Mary Jane pun berangkat ke Yogyakarta dengan janji bakal dijemput orang yang akan memperkerjakannya. Sesampainya di Bandara Adisutjipto dan melewati X-Ray, petugas mencurigai koper Mary Jane. Dari mesin X-Ray tampak barang mencurigakan yang diletakkan tersembunyi. Barang itu adalah 2,6 kg heroin senilai Rp 5 miliar yang menjebak hidup Mary Jane.

Mary Jane pun ditahan pada 11 Mei 2010. Mary Jane pun memberitahu keluarganya jika ia dipenjara. Babak baru dirasakan Mary Jane yang hanya bersekolah sampai kelas satu SMP itu. Ia berjuang agar terbebas dari hukuman berat.

Masalahnya, Mary Jane saat itu tak bisa berbahasa Inggris, apalagi bahasa Indonesia. Menurut Agus Salim, pengacara Mary Jane di Indonesia, dia tidak mampu untuk membela dirinya sendiri. Bahkan saat proses di pengadilan, ada bantuan penerjemahan dari mahasiswa akademi bahasa asing yang tidak memiliki lisensi dari asosiasi penerjemah bahasa Indonesia. Akibatnya, kerap terjadi kesalahan komunikasi antara hakim dan Mary Jane.

Pengadilan singkat bagi Mary Jane berakhir pada Oktober 2010. Hanya 6 bulan sejak ia ditangkap, majelis hakim enggan mengabulkan tuntutan jaksa agar dijatuhi hukuman seumur hidup. Hakim justru menjatuhkan hukuman mati.

Setelah divonis mati, pada Agustus 2011 Presiden Noynoy Aquino, presiden Filipina, meminta pengampunan Presiden Susilo Bambang Yudhoyono untuk Mary Jane. Pada masa itu Indonesia punya moratorium untuk menunda hukuman mati dan pengampunan yang belum ditindaklanjuti bahkan sampai masa akhir kepemimpinan SBY.

Tak lama setelah dilantik, Presiden Joko Widodo menyatakan perang terhadap kejahatan narkotika. Presiden menolak semua permintaan pengampunan dari semua terpidana yang sudah dijatuhkan vonis mati. Pada Januari 2015 nama Mary Jane masuk dalam daftar yang akan dieksekusi mati. Pengacara yang disewa pemerintah Filipina segera mengajukan proses Peninjauan Kembali (PK) pada 19 Januari 2015 sebagai usaha terakhir agar lolos dari hukuman mati.

Pada 9 Februari 2015, Jokowi berkunjung ke Filipina. Presiden Aquino kembali mengangkat kasus Mary Jane dalam pertemuan resmi. Pada 3 dan 4 Maret 2015 berlangsung sidang Peninjauan Kembali (PK) di Pengadilan Negeri Sleman.

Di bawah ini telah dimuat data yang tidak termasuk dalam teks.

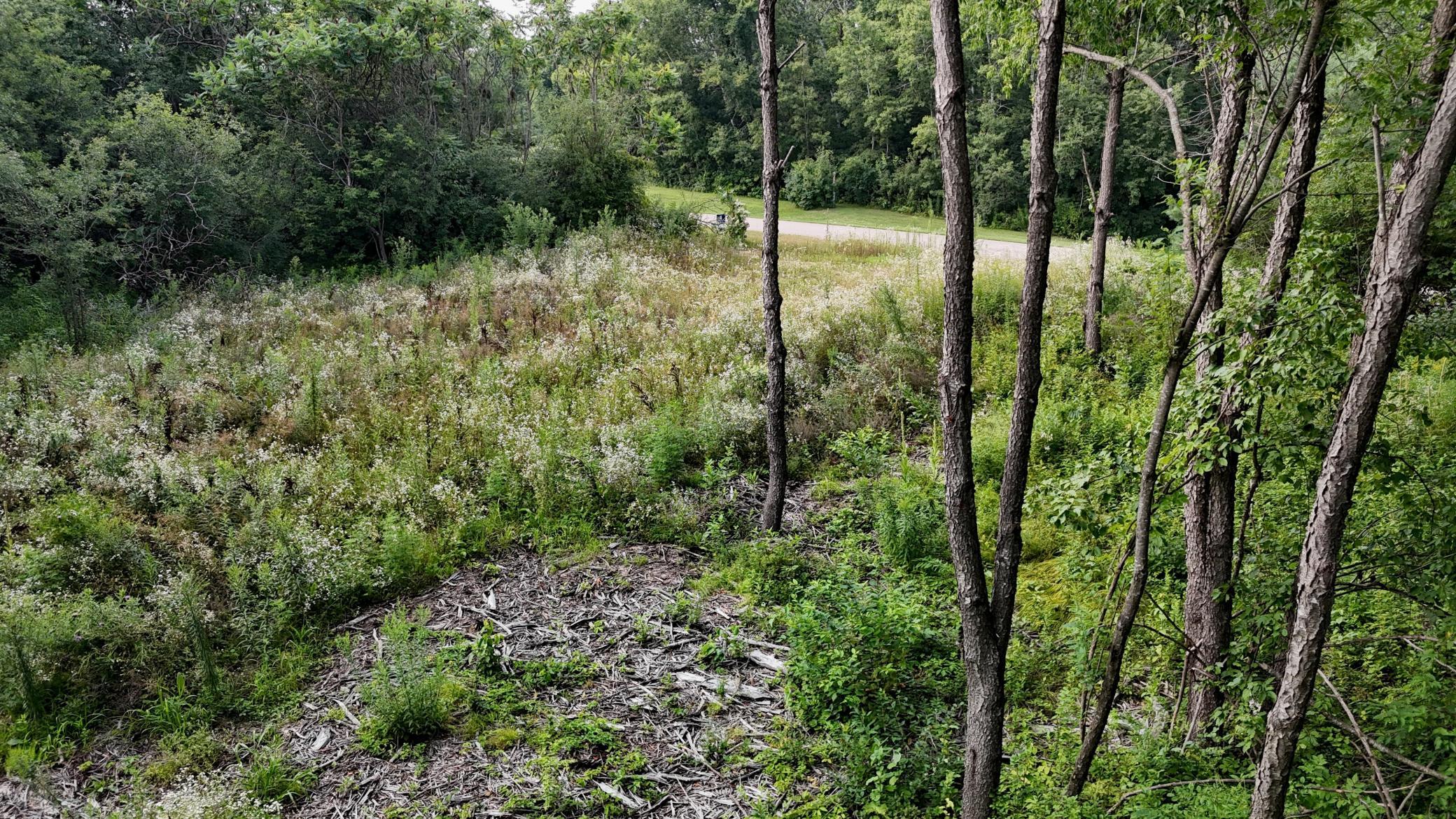 Lot 10 776th Ave Spring Valley Spring Valley, WI 54767 - Photo 2 of 7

Pengacara Mary Jane berpendapat bahwa kasus ini berhak ditinjau ulang karena selama proses peradilan sebelumnya, Mary Jane tidak didampingi oleh penerjemah tersumpah dan profesional sehingga cacat hukum. Bahkan pihak rektorat Akademi Bahasa Asing di Yogyakarta pun mengakui bahwa pada saat itu penerjemah Mary Jane masih tercatat sebagai mahasiswa sekolah mereka. Tetapi upaya itu mentok. Pada 25 Maret 2015, Mahkamah Agung menolak peninjauan kembali kasus Mary Jane.

Pemerintah Filipina pun mengajukan PK kedua pada 27 April 2015. Tapi sore harinya, pengajuan itu lagi-lagi ditolak oleh PN Sleman. Hukuman pun tetap belum berubah. Hari-hari akhir Mary Jane di depan regu tembak makin dekat.

Namun ternyata keadaan berubah. Detik-detik jelang eksekusi Mary Jane pada Rabu, 29 April 2015 justru ditunda dari eksekusi, pasalnya Presiden Jokowi mendapatkan bukti baru bahwa heroin yang dibawa Jane adalah selundupan dari perekrutnya. Mary Jane diduga merupakan korban sindikat perdagangan manusia internasional.